I think that it should be very doable to extract a reasonably accurate parts list from the HTML text of a US patent document, which is contained in the element html > body > coma (everything but the abstract).
Example regular expression to use : \b(\w+)\b\s+\b(\d+)\b. This is obviously very rudimentary - some refinements could be added to it to pick up multiple comma-separated reference numerals instead of just the first one, like "fasteners 20, 22", to exclude group 1 from being the word "and" as in "FIGS. 1 and 2", and to not capture claim references like "the device of claim 6", but none of that should be too hard. A slightly trickier coding challenge may be capturing multi-word parts, as in "upper platen 20" and "lower platen 22," but a couple of promising methodologies immediately come to mind - for instance, you could search backwards from a match for successive preceding words, and continue collecting the preceding words as long as they appear before each instance of the particular match. Or, you could search backwards from the first instance of each match until you hit the indefinite article "a"/"an," and everything between a/an and the number is your part. E.g., "a flexible, heat-resistant, non-stick release sheet 24 composed of PTFE or similar material."

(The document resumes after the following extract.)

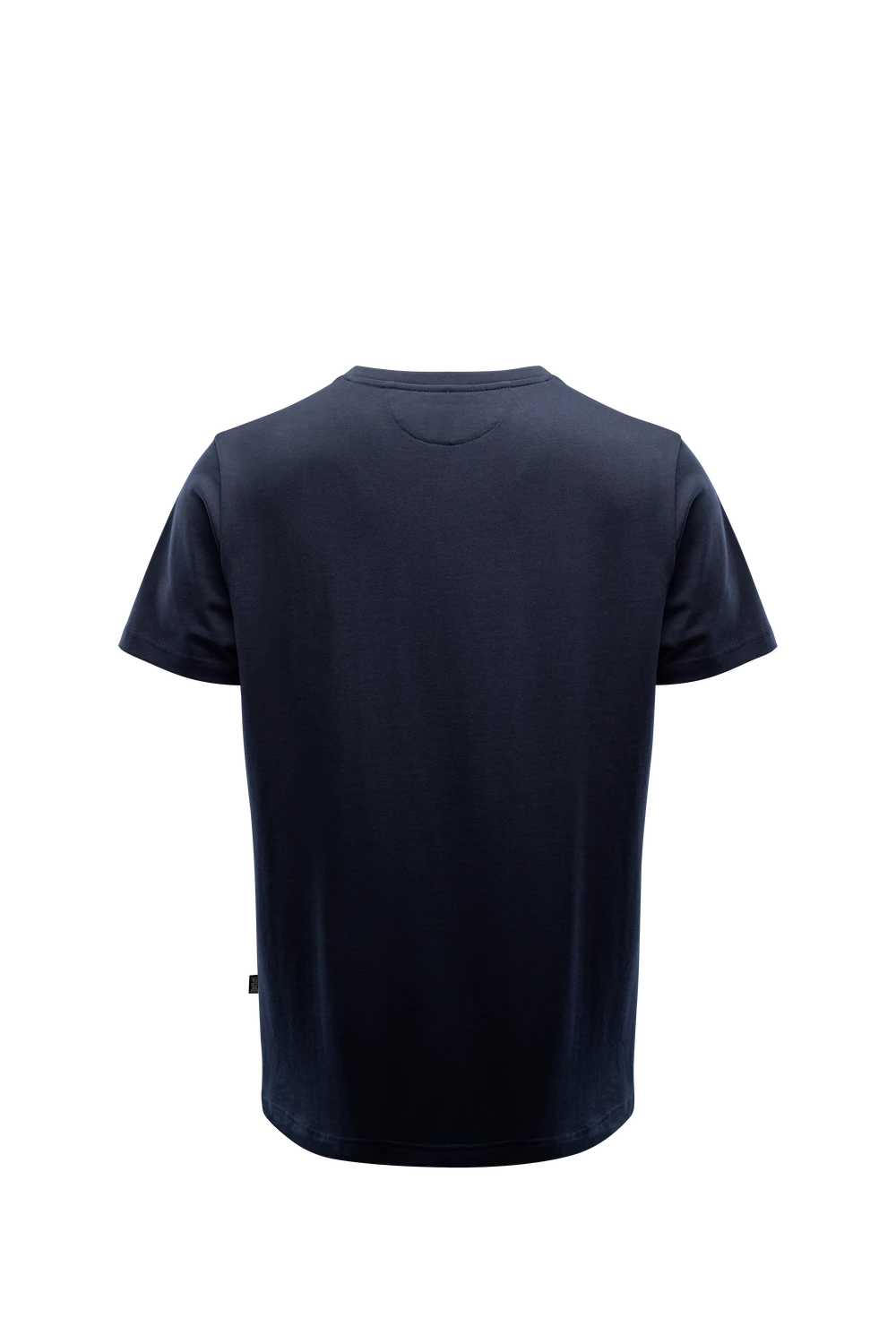 ENIGMA OVERSIZED TEE 4 ENIGMA OVERSIZED TEE - Image 2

Anyway, an image of the output from
regex101.com for matches of the simple regular expression \b(\w+)\b\s+\b(\d+)\b found in the HTML text of USP 6,293,874 is attached. You can see that it does a halfway decent job of finding parts, and it would be helpful even just to provide a list of these matches on Petapator, so that you don't have to manually transcribe part names onto the figures, or keep flipping back and forth to see what they are. The split screen view helps for that if you are viewing the patent on the web with Petapator enabled, so that at least you can keep the figure in view while you search for the part name, but a parts list would be better and useful for reviewing the PDF as well.